Percussive therapy can be used to warm up muscles or to loosen tight muscles in order to help with pain management. Here is an overview of how it works and ways to incorporate percussive therapy into rehabilitation:
Percussive therapy is a type of soft tissue treatment that incorporates a power tool – similar to a drill – to massage muscles using a repetitive vibration and pulsing movements.
It can help with:
- managing chronic pain
- improving joint range of motion
- breaking down scar tissue and adhesions
- increasing blood flow
- improving circulation
- breaking up tension
- reducing inflammation
- pre- and post-exercise warm-ups and cool-downs
The most popular device used for percussive therapy is called a Theragun. It was invented by Dr Jason Wersland, who suffered a motorcycle accident and developed the device to help aide his recovery from his injuries.
Photo credit: Theragun
The device comes with different attachments that massage soft tissue to loosen up muscles and ease tight spots. It is simple to use and accessible for most areas of the body. It can be either held in place in a tight spot or swept across the part of the body being treated. Theragun can be used by the individual or (post-lockdown) by a physiotherapist or occupational therapist.

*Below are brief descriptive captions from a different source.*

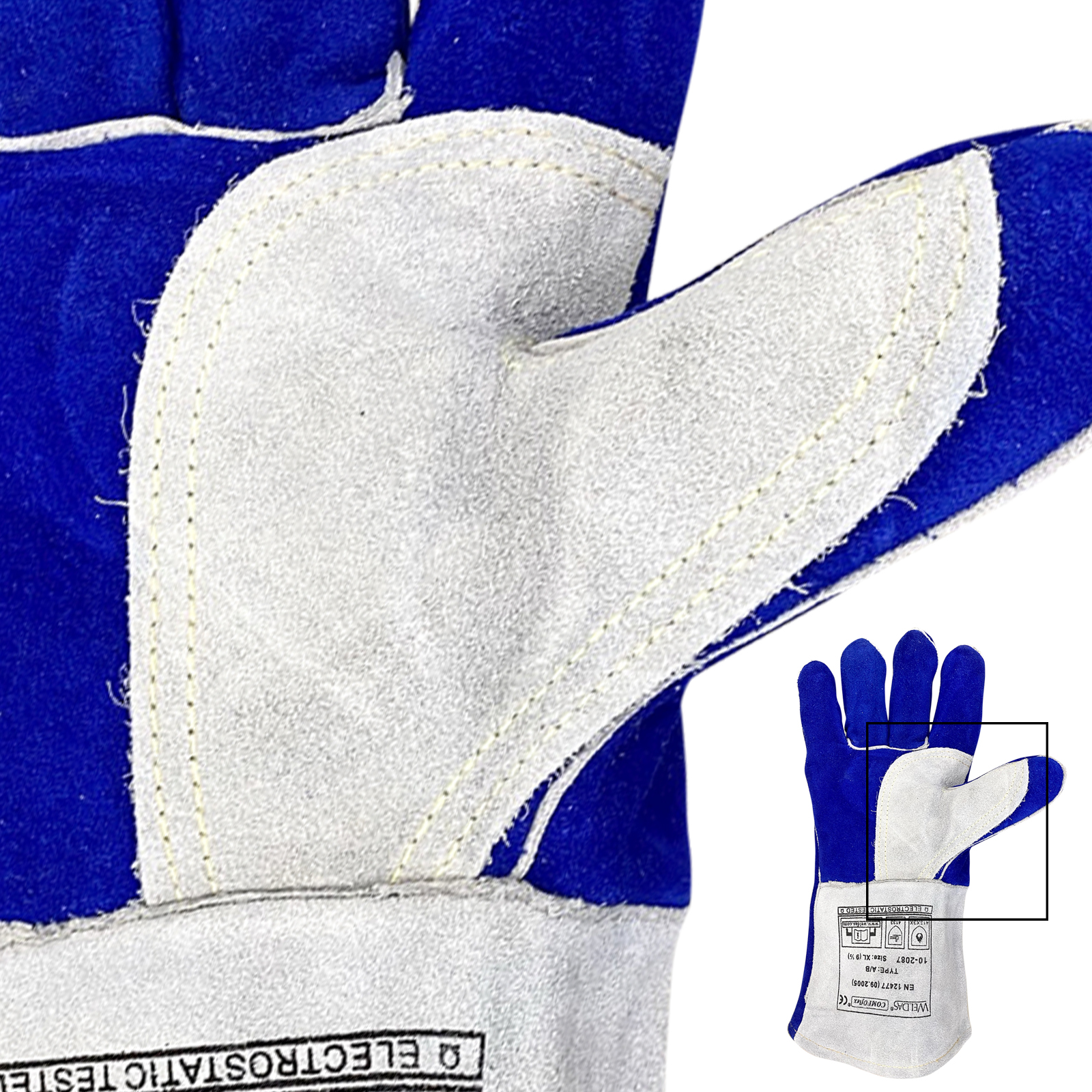 MIG/MAG-Handschuhe COMFOflex blau L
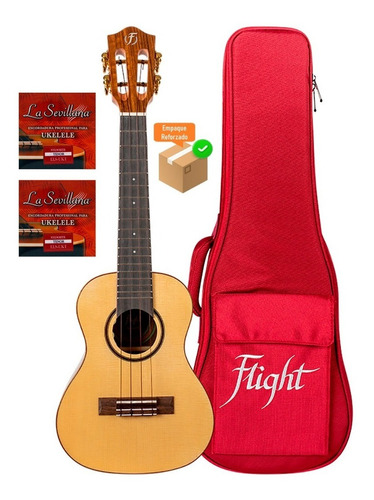 Flight Sophia Te Ukulele Tenor Electroacústico Funda Cuerdas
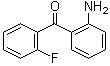 structure of CAS# 1581-13-1, 2-氨基-2'-氟二苯甲酮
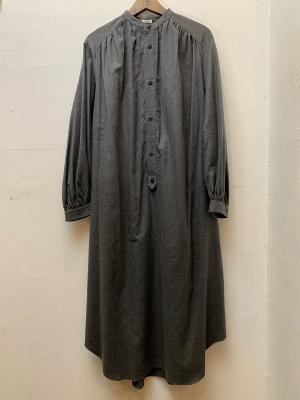 Supima　Wool　Shirt　Dress　コムアーチ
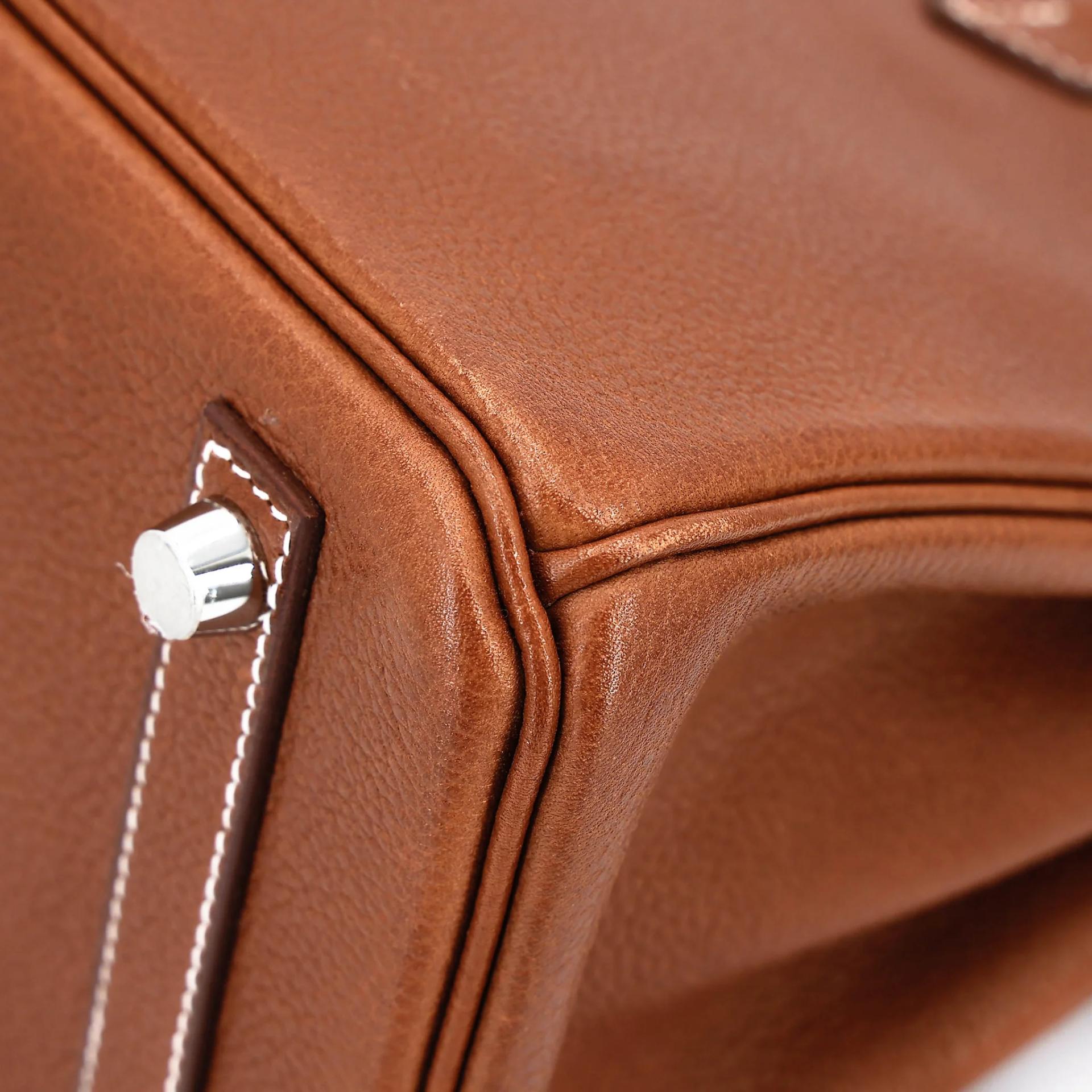 Excellent ( Rank SA ) HERMÈS Birkin 25 Fauve (34) Barenia Faubourg Palladium hardware K (2025) - 10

Percussive therapy is very safe and gentle and doesn’t cause inflammation, so is typically mostly pain-free. Because the device creates an effect similar to a deep tissue massage, it can occasionally be uncomfortable due to nerve endings being stimulated or muscles becoming hot from the vibrations. This is why it’s important to have clear communication and training from an OT or physiotherapist to ensure treatment is effective and the device is being used safely and correctly.

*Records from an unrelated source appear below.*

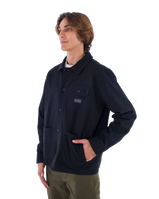 The Hurley Mens Bixby Flannel Lined Shirt in Black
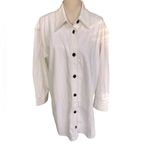 Madewell Denim Oversized Mini Shirtdress Tile White XL NWT Photo 2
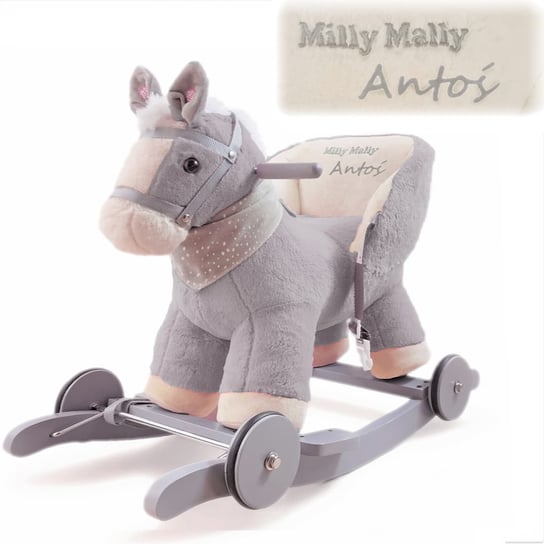 Konik na biegunach i Jeździk 2w1 - Prezent na Roczek + Imię Milly Mally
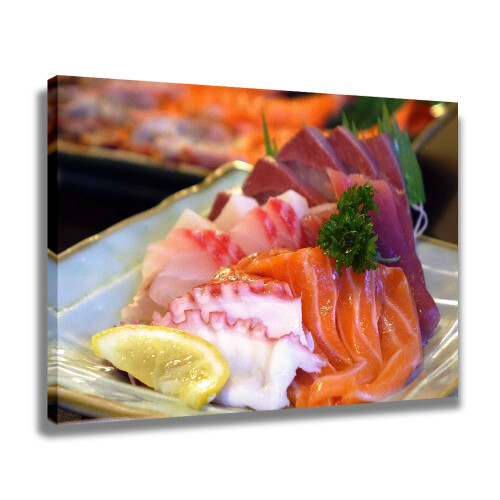 Affiche sur toile 20x30cm - Saumon Sashimi 1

Theragun also comes with a fantastic mobile app that provides various protocols for using it for different body parts and functions.
Unite Professionals case managers work with physiotherapists and occupational therapists to advice on the most effective, holistic treatment plans for people who have suffered significant injuries. We incorporate percussive therapy into our recommendations when it is a reasonable method for helping to reduce pain and relieve muscle tightness.